Lay BAPTISM, we find to have been permitted by both the Common-prayer Books of King Edward and that of Queen Elizabeth, when an infant is in immediate danger of death, and a lawful minister cannot be had. This was founded upon the mistaken notion of the impossibility of salvation without the sacrament of baptism: but afterwards, when they came to have clearer notions of the sacraments, it was unanimously resolved in a convocation, held in the year 1575, that even private baptism, in a case of necessity, was only to be administered by a lawful minister.

BAPTISM is also applied, abusively, to certain ceremonies used in giving names to things inanimate.

The ancients knew nothing of the custom of giving baptism to inanimate things, as bells, ships, and the like, by a superstitious consecration of them. The first notice we have of this is in the Capitulars of Charles the Great, where it is only mentioned to be censured: but, afterwards, it crept into the Roman offices by degrees.
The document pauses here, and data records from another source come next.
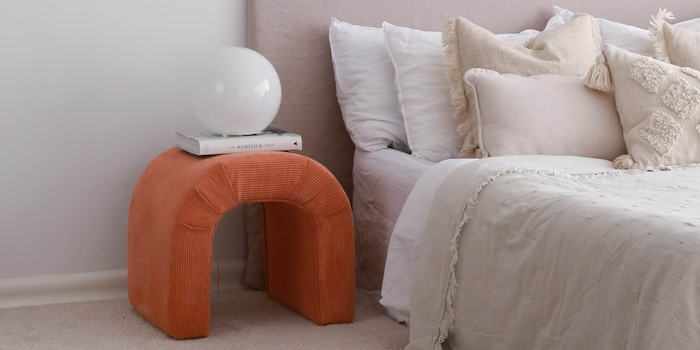 Atelier del Sofa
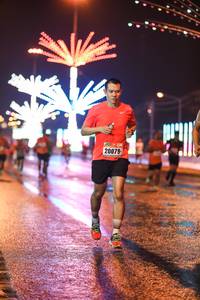 BIB: 20079
                            <button type="button" onclick="openModal(16936078)" class="btn btn-primary btn-sm float-right btn-popup" data-toggle="modal" data-target=".modal-high-quality">
                        <i class="fas fa-shopping-cart"></i> Add to Cart
                    </button>
                                            <button type="button" onclick="isThisMe(16936078, true)" class="btn btn-success btn-sm float-right btn-popup btn-isme hidden" data-toggle="tooltip" data-placement="bottom" title="นี่คือรูปของคุณใช่ไหม คลิกที่นี่เพื่อเอาเข้าอัลบั้ม">
                        <i class="fas fa-plus"></i> Add to album
                    </button>
                    <button type="button" onclick="isThisMe(16936078, false)" class="btn btn-warning btn-sm float-right btn-popup btn-isnotme hidden">
                        <i class="fas fa-ban"></i> Remove from album
                    </button>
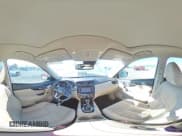 ✅ 2017 Nissan Rogue SL • VIN: 5N1AT2MV7HC785314 • Lot: 82653555. Wystawiony na Copart z przebiegiem 134 831 mil. Bezpłatny archiwum sprzedaży aukcyjnych z USA i szczegółowy raport historii pojazdu na DreamBid. Zdjęcie 16.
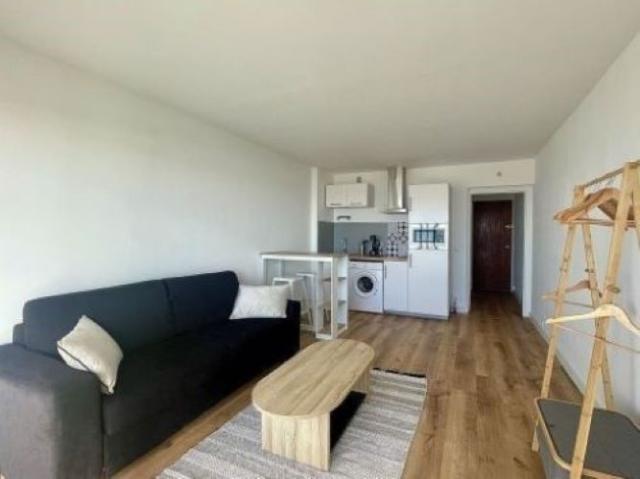 Location studio Pornichet - Photo 2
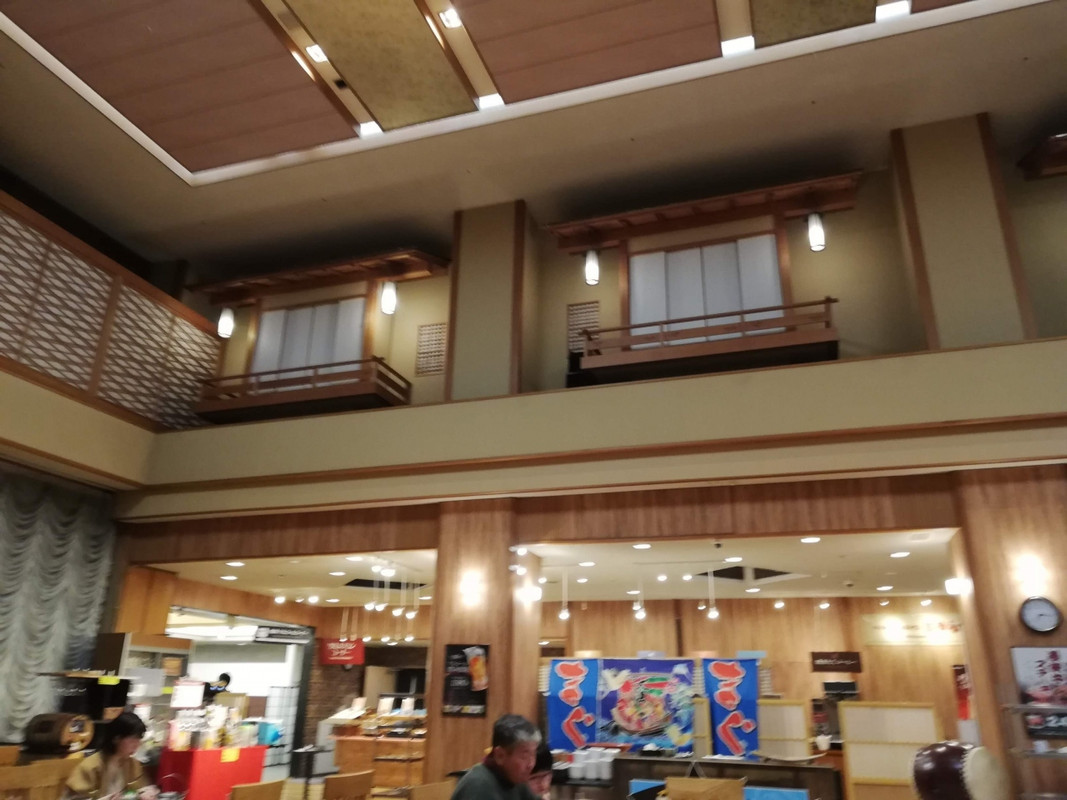 平日宿泊でしたので、制限がありません。無制限で飲食できました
Baronius carries its antiquity no higher than the year 968, when the greatest bell of the church of Lateran was christened by Pope John III. At last it grew to that superstitious height, as to be thought proper to be complained of in the Centum Gravamina of the German nation, drawn up in the public diet of the empire held at Nuremberg anno 1581; where (after having described the ceremony of baptizing a bell, with godfathers, who make responses as in baptism, and give it a name, and clothe it with a new garment as Christians were used to be clothed, and all this to make it capable of driving away tempests and devils) they conclude against it, as not only a superstitious practice, but contrary to the Christian religion, and a mere seduction of the simple people.